What’s the link between religion and happiness? This paper (pdf) suggests that it is not a linear one, but rather U-shaped:
All else constant, people are happier in countries in which the level of religiosity is either high or low, but are less happy in countries with intermediate levels of religiosity.
One reason for this, the authors say, lies in network effects. A country with middling religiosity will be a heterogenous one with little social cohesion. Religious folk will worry about a loss of values whilst atheists will fret about the social restrictions imposed by the pious. No-one will be satisfied. Alternatively, nations with middling levels of religiosity are often moving from one thing to the other, which breeds uncertainty about the future.
However, I wonder if there might be something else going on too. Although this finding holds for societies, might the same be true for individuals? Atheists and fanatics can be happy, but the mildly religious struggle.

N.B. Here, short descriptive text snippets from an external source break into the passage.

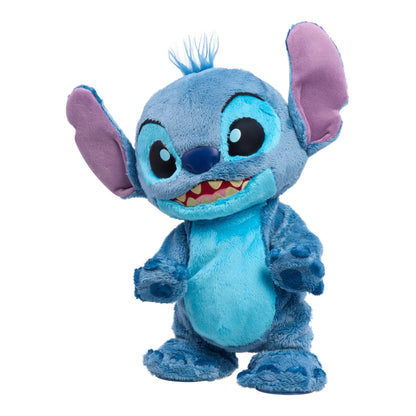Disney Stitch Double Trouble Interactive Feature Plush
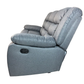 Sorrento 3+2 Grey Fabric Recliner Manual With Cupholders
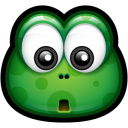 Green Monster 16 Emoticon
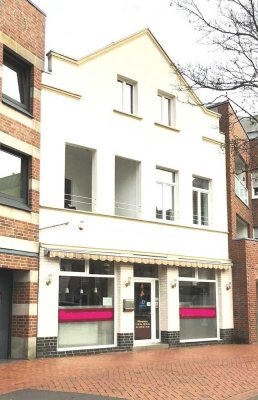 Anlageobjekt mit Historie & Perspektive: Top saniertes Wohn- und Geschäftshaus im Herzen von Gescher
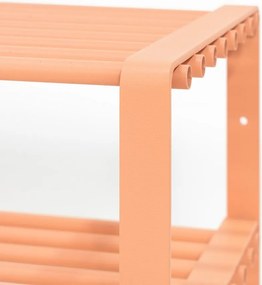 Lazacszínű acél cipőtartó 100x48,5x29 cm Rex – Spinder Design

Take two examples. In Jolie Holland’s song Corrido por Buddy, she sings of the “bad religion” that “brings you down and can never lift you up”, leading to the suicide of its victim.
And in Corrie, Sophie Webster recently tried to kill herself, motivated in part by her struggle between her faith in God and her lesbianism. Her problem is one of being middlingly religious - sufficiently so to fear God, but not so much so as to have convinced herself He loves her. Her more religious pastor seems convinced that God loves him, which only shows that God has lousy taste.
If I’m right, it suggests there is a problem with the notion that people can maximize utility. It would have been pointless to suggest to Buddy or Sophie that they change their beliefs - even though doing so seems to us an obvious way out of despair. This is because we cannot always freely choose our beliefs. They are the result of socialization or upbringing or a perception that God does or does not exist.
This suggests that there is not only the obvious budget constraint upon utility maximization, but a belief constraint too. Which raises the question of how many other such constraints there are, and so what a well-defined and psychologically plausible “utility maximization” problem would really look like.
A counterexample: Mitchell Heisman. The vaguely religious may be comforted by their beliefs without ever having to interrogate their premises.
Posted by: BenSix | March 16, 2011 at 05:16 PM
In my experince, relgious people only tend to be happier because they reckon the non-religous are going to Hell, or that they will have a bigger, better cloud to sit on.